Fears over Greece’s potential exit from the eurozone resurfaced, when the country’s governing New Democracy party failed to elect a head of state on December 29. Prime Minister Antonis Samaras was forced to call a parliamentary election scheduled for January 25.
The European Central Bank’s liquidity auction on December 11, the second of its Targeted Longer-Term Refinancing Operations, injected €129.8bn into the eurozone’s banking system. The lighter-than-expected take-up of the ECB’s discounted loans fuelled speculation that the central bank may look to additional measures to boost growth and stave off inflation.
Meanwhile, the EU banking union moved a step closer after eurozone finance ministers adopted a new instrument under the European Stability Mechanism (ESM) on December 8, allowing for direct capitalisation of troubled banks in the region. Previously, the ESM could only provide assistance to banks indirectly, via the government of the euro area member state where they are incorporated.
CDS on Tradeweb: December proved to be quite volatile, as sliding oil prices and political developments in Greece dominated headlines. European credit indices started the month reversing November’s tightening trend and reached their widest levels on December 16, with Europe and Crossover at 65 bps and 379 bps respectively. The latter traded as wide as 403 bps intraday.
Spreads for both indices retreated into tighter territory in the second half of the month, ending the year at 63 bps (Europe) and 345 bps (Crossover) on very low volumes.
Cash on Tradeweb: Cash credit spreads moved wider in mid December, partly due to seasonal trading patterns as year-end approached. The move wider was initially sparked, however, by concerns over the performance of the world economy, persistent deflationary pressures, and the sustained decline in oil prices.

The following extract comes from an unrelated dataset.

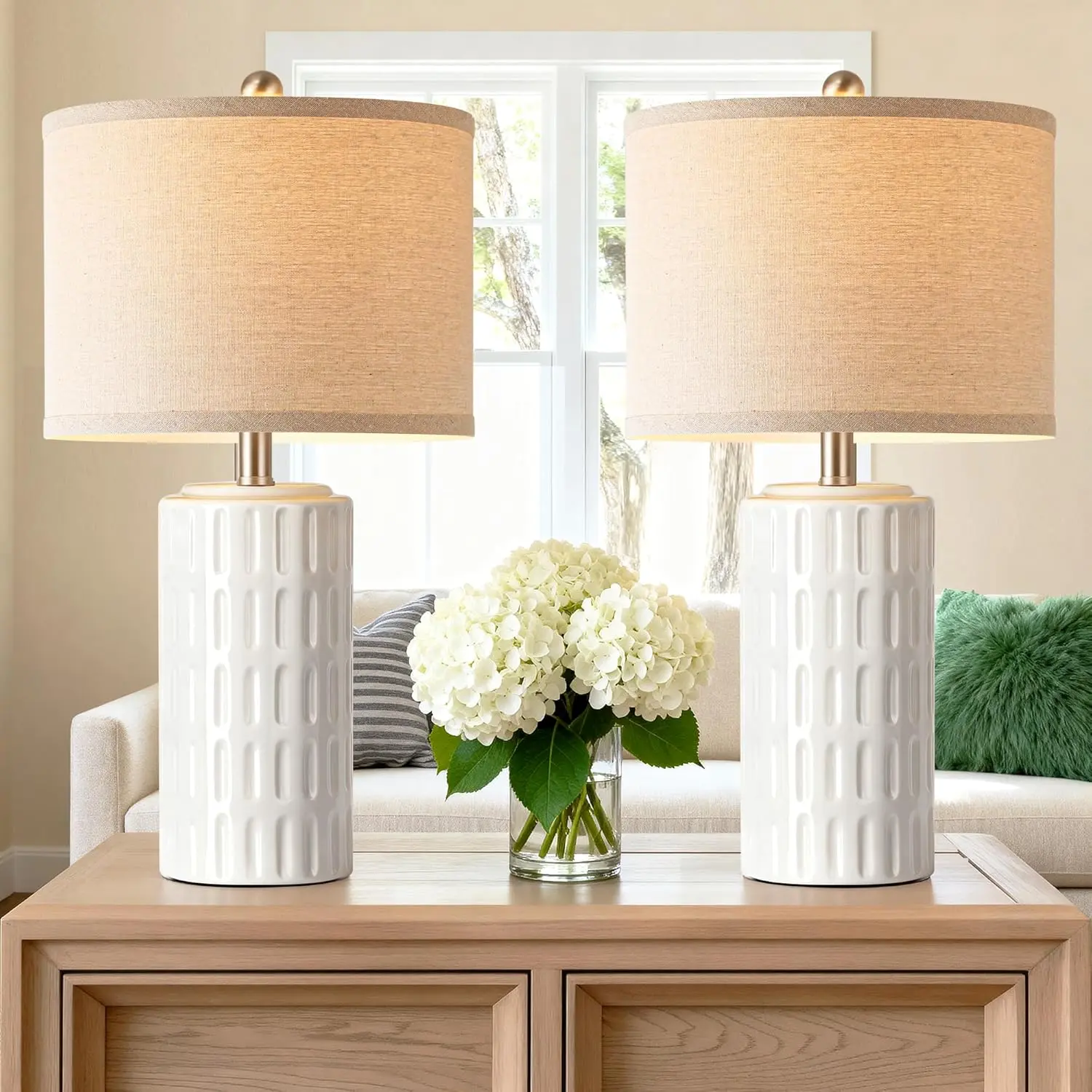 23" Farmhouse Modern Ceramic Table Lamp Set of 2 - White Bedside Lamps for Bedroom & Living Room, Nightstand, Desk, End Table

Tesco, the UK’s biggest retailer, issued another profit warning on December 9, as it downgraded its full-year guidance to £1.4bn, £500m below the previous market forecast of £1.9bn. Mid asset swap spreads for its 6.125% 2/22 bond widened by 56 bps to 305 bps over the month.
Nine days later, Franco-Dutch carrier Air France-KLM also cut its earnings forecast by €200m to €1.5-1.6bn. In the secondary market, the company’s 3.875% 06/21 issue widened from 305 bps on December 1 to end the month at just below 329 bps.